▶ The records:
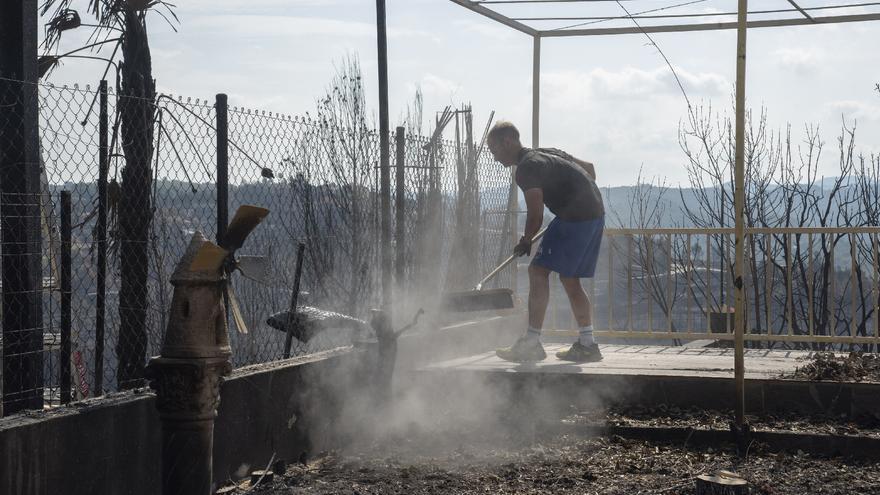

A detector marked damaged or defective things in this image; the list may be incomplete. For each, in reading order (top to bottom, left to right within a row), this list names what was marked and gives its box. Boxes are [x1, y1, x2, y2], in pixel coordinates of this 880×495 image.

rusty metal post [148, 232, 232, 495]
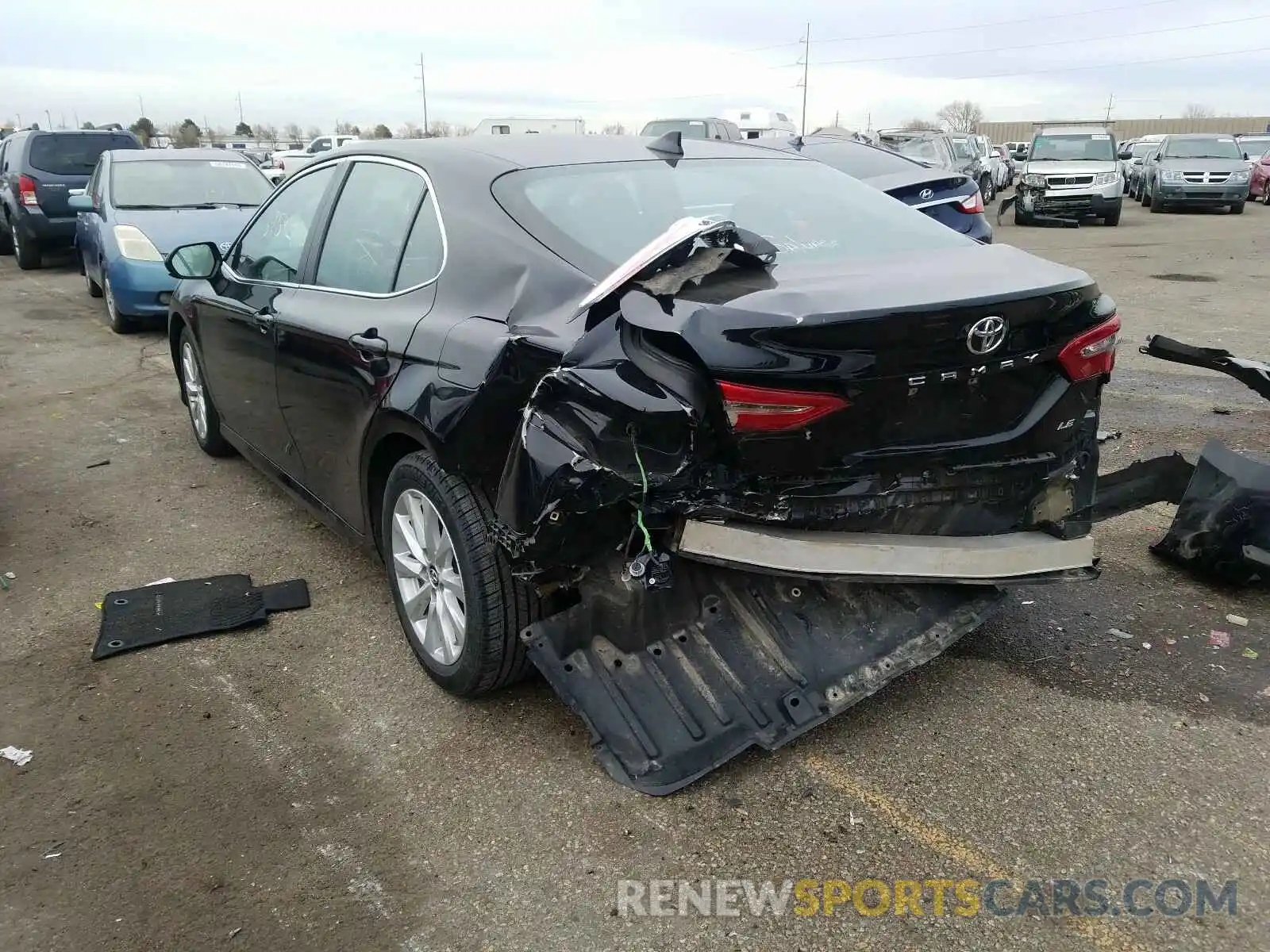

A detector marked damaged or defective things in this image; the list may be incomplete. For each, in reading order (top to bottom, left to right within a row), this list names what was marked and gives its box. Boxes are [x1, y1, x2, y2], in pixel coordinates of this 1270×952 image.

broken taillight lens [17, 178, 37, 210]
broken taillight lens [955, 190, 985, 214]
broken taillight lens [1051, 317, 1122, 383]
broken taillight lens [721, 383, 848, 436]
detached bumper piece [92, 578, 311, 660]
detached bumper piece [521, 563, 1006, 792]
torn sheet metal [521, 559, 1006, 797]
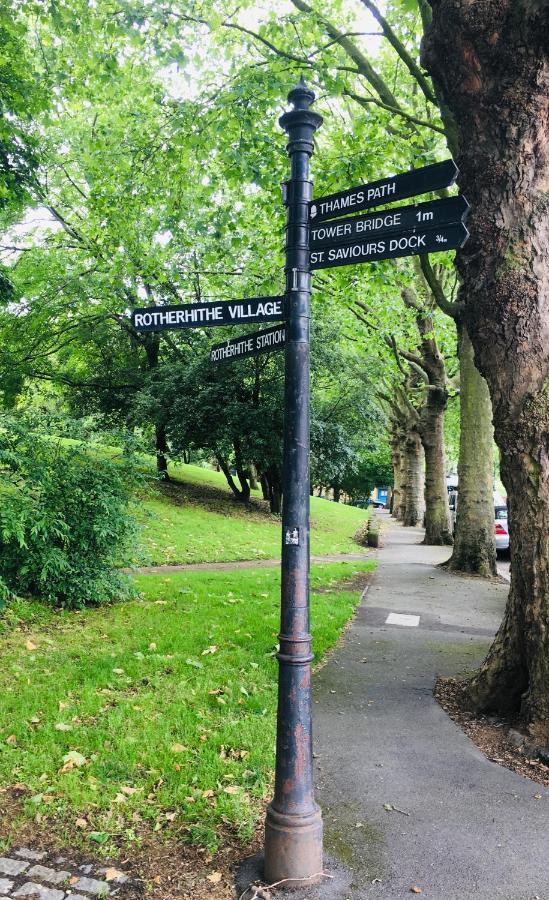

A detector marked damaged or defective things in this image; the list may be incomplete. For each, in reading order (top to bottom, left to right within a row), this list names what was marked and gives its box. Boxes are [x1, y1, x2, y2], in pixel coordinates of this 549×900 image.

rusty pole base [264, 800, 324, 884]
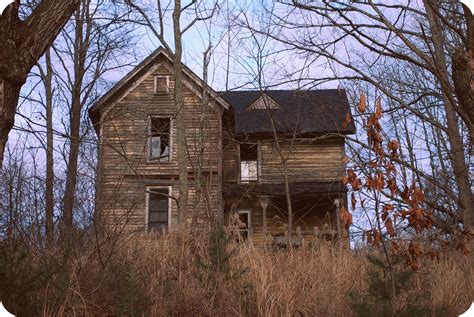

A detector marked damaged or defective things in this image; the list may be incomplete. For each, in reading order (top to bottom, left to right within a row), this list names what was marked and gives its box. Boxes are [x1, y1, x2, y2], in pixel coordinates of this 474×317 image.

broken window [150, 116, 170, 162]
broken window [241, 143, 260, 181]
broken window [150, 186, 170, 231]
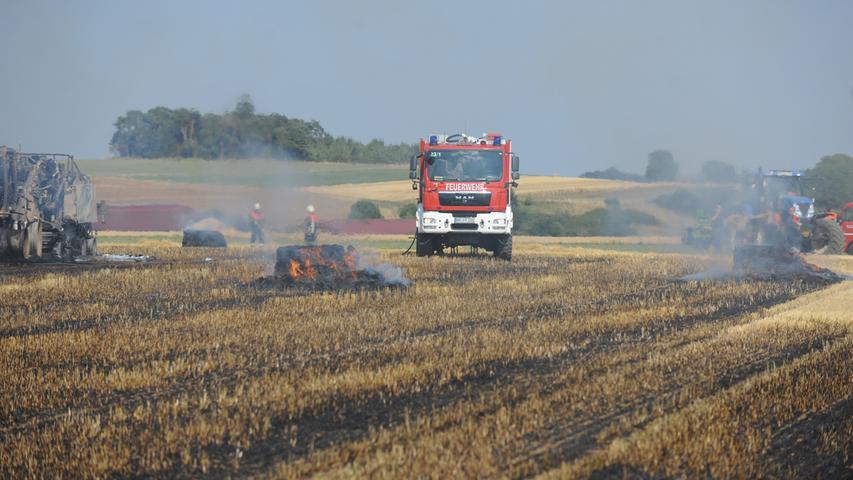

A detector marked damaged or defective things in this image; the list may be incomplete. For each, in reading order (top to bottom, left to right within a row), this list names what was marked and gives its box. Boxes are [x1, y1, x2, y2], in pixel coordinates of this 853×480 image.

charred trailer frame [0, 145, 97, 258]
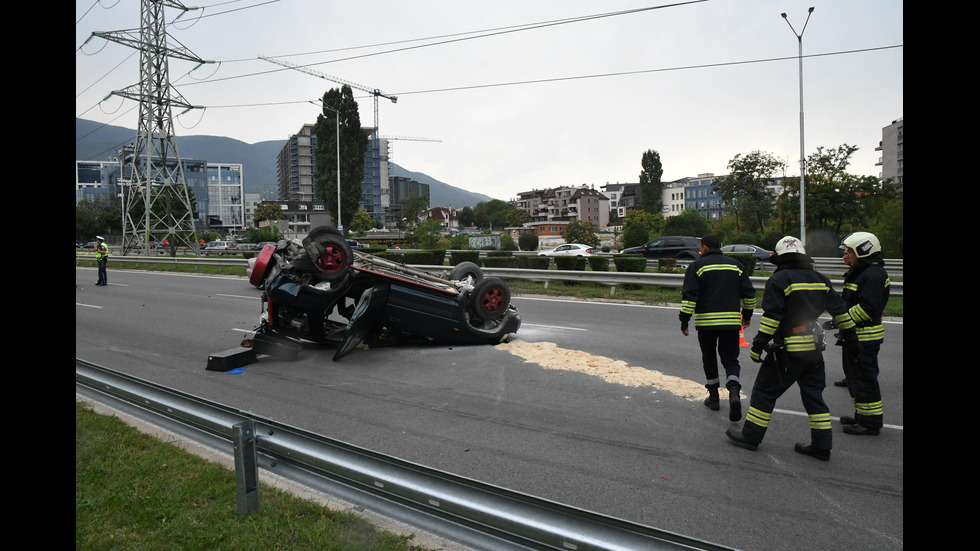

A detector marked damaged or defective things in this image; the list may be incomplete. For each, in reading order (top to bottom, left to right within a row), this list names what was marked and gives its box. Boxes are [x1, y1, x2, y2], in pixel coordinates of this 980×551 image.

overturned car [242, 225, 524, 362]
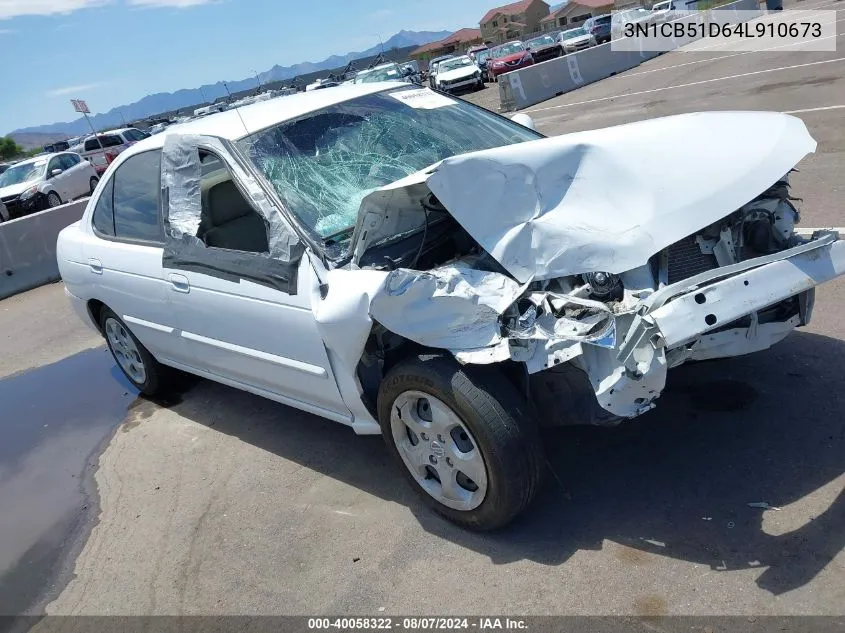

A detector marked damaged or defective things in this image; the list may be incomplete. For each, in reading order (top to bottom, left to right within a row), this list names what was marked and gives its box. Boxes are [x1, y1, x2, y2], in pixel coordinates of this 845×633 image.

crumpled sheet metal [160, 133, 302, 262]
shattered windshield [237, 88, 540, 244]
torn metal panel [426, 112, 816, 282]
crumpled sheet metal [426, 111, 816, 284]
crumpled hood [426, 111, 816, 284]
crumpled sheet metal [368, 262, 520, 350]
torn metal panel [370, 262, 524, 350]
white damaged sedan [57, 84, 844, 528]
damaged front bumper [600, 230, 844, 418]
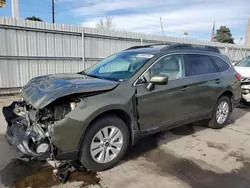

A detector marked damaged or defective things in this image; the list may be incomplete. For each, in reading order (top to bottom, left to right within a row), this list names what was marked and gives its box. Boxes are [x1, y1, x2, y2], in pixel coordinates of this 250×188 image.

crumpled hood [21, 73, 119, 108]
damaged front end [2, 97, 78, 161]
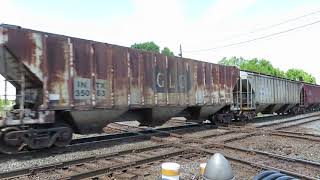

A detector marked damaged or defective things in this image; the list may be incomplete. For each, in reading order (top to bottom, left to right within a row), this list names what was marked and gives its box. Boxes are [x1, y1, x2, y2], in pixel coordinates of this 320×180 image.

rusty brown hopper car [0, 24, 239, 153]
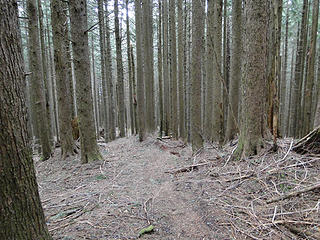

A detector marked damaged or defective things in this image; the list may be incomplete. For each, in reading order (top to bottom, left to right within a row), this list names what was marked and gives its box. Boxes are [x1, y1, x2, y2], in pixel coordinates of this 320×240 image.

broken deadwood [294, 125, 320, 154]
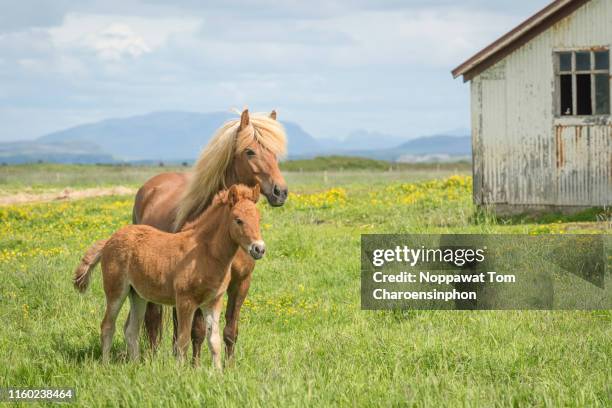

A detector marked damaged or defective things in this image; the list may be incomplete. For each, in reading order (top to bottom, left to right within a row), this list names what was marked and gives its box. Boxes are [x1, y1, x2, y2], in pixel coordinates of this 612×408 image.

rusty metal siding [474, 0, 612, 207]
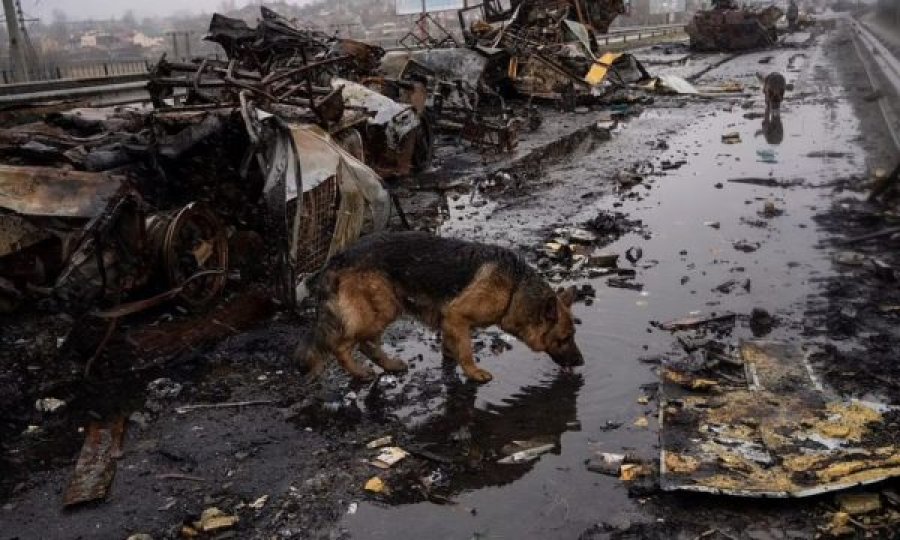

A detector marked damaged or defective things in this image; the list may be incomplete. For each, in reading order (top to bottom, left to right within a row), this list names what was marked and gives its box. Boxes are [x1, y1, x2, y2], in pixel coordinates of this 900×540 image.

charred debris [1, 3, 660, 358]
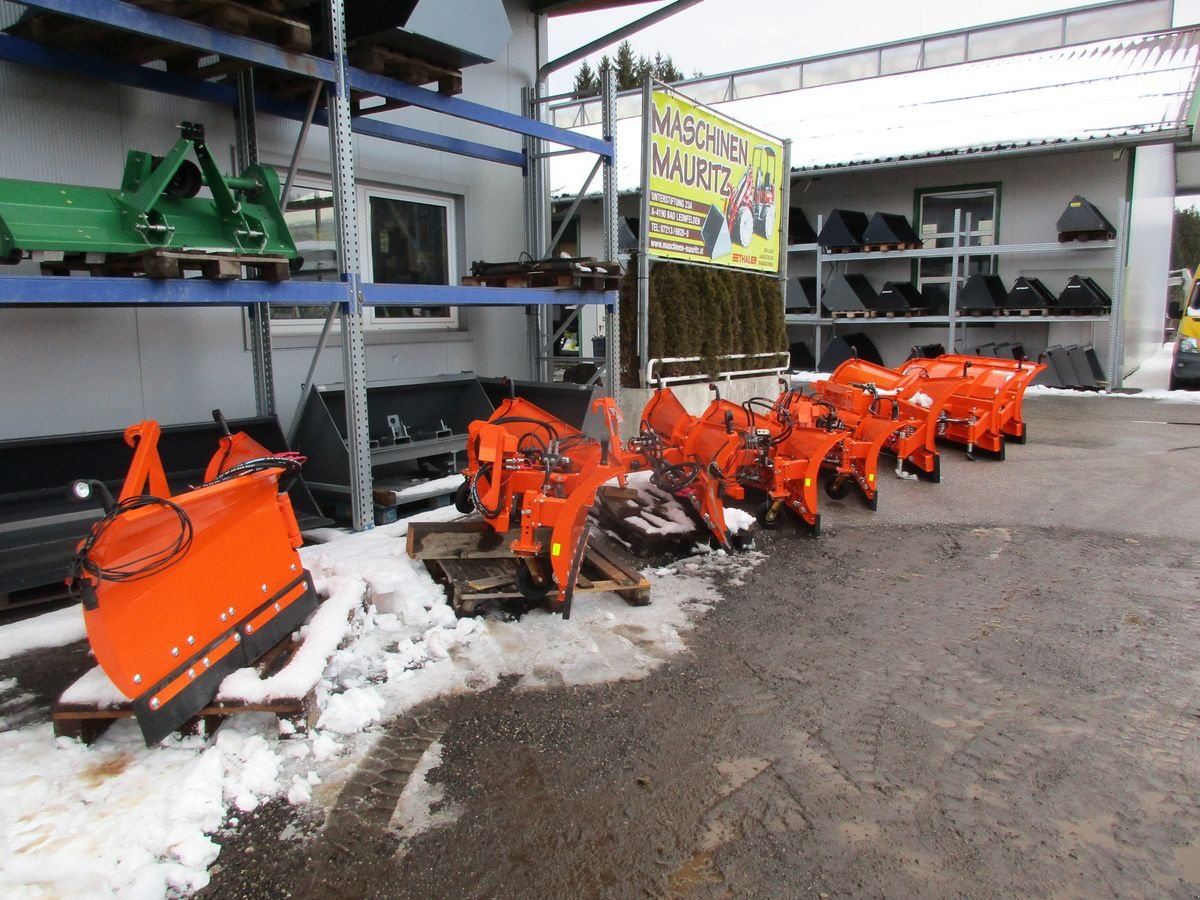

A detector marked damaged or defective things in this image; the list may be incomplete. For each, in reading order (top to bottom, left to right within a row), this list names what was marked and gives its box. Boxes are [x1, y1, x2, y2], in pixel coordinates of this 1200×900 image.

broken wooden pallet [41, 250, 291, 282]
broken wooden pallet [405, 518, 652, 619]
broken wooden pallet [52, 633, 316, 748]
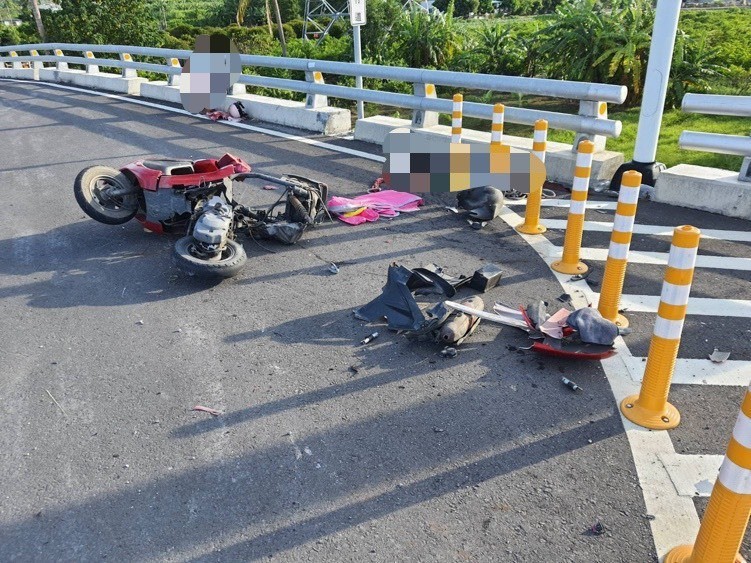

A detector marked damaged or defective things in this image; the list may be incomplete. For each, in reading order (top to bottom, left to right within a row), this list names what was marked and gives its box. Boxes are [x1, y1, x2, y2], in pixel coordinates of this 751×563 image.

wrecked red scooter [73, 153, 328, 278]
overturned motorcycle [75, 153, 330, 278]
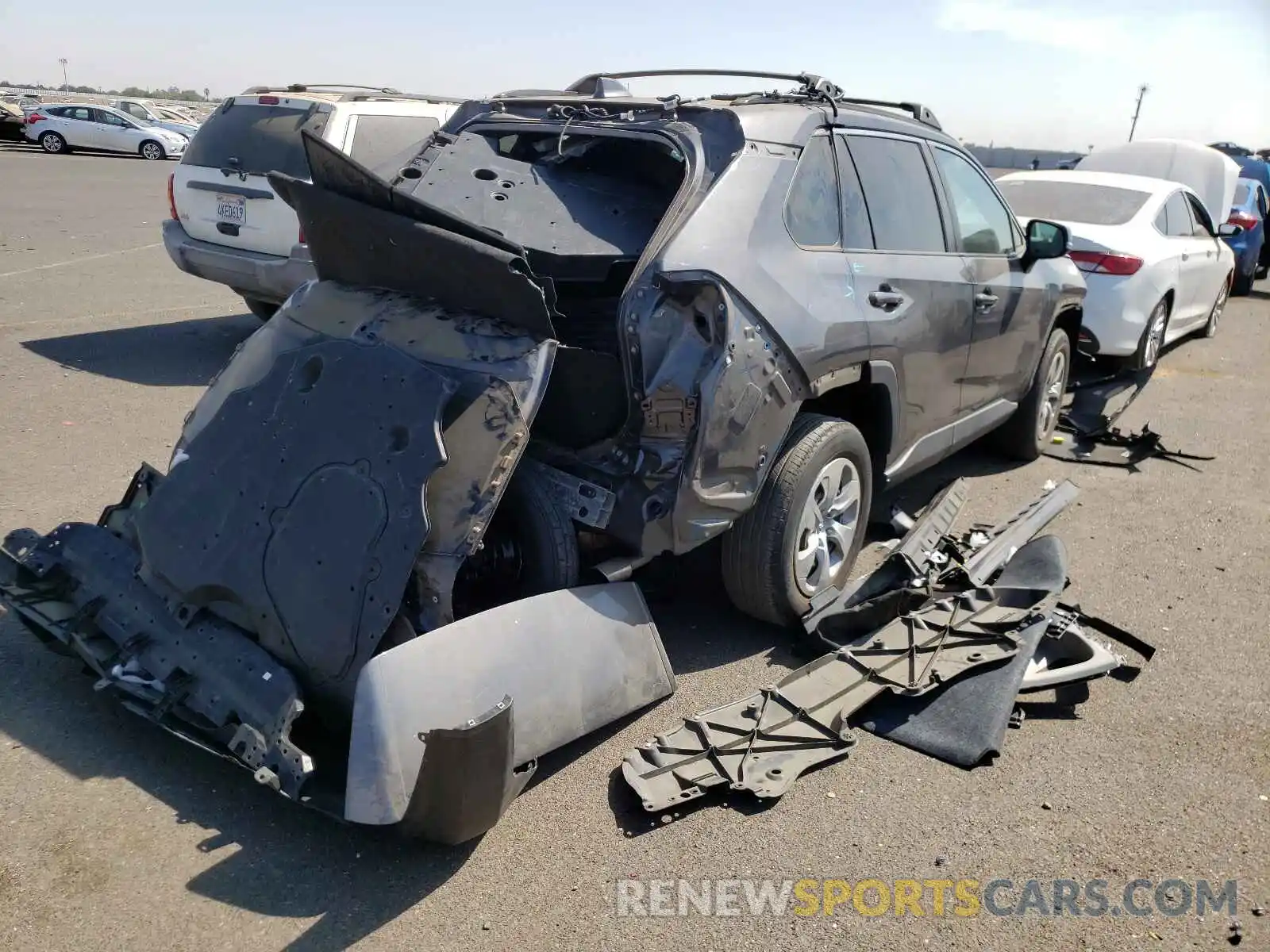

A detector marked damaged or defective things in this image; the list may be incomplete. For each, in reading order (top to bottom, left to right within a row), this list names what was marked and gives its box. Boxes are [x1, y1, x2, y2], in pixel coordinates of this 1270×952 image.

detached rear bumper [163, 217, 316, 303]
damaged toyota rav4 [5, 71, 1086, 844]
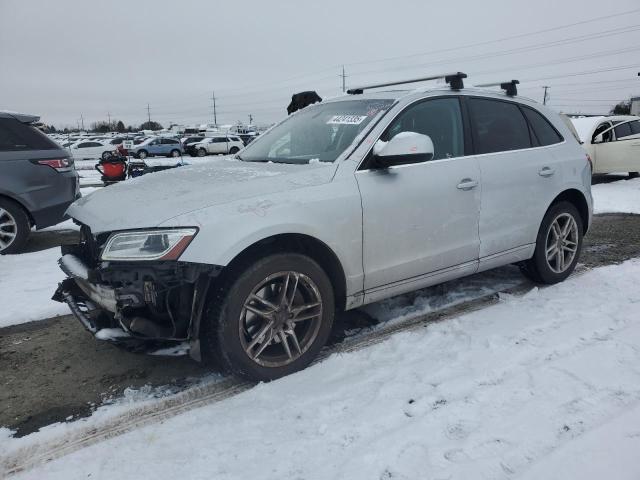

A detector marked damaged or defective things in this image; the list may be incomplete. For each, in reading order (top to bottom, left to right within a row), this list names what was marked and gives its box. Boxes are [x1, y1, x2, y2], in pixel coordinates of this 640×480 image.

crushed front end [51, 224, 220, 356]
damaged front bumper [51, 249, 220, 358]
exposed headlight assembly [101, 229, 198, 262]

▶ Work instruction:
Copy exactly the lines from the line containing "this 1200×900 image." through the last line of the records, both included, and omit every picture.

▶ Result below:
A detector marked damaged or defective things in this image; the list may be incomplete. For each, in reading order (top to bottom, left to right within a row), this list names what was marked and gives its box. Boxes are [x1, y1, x2, y2], in pixel coordinates of this 1200×900 image.

broken wooden pallet [41, 250, 291, 282]
broken wooden pallet [405, 518, 652, 619]
broken wooden pallet [52, 633, 316, 748]

A detector marked damaged or defective things in this image; the list may be incomplete. For each, in reading order (top to bottom, left to right within a row), this list names what was marked and gives its box. Boxes are [x1, y1, x2, y2], in pixel coordinates of this 751×563 image.

wrecked red scooter [73, 153, 328, 278]
overturned motorcycle [75, 153, 330, 278]

A detector marked damaged or defective things in this image; the list may be incomplete. For each, in reading order (top to bottom, left to right within a row), this list names what was marked and gives its box. Boxes are [x1, y1, x2, y2], in pixel coordinates of this 1270×952 image.

detached rear bumper [163, 217, 316, 303]
damaged toyota rav4 [5, 71, 1086, 844]

A detector marked damaged or defective things in this image; the list may be incomplete. For each, in reading order (top to bottom, left to right within a row), this list names what was marked and gives its box. Boxes are [x1, y1, x2, y2], in pixel coordinates of this 640×480 image.

crushed front end [51, 224, 220, 356]
damaged front bumper [51, 249, 220, 358]
exposed headlight assembly [101, 229, 198, 262]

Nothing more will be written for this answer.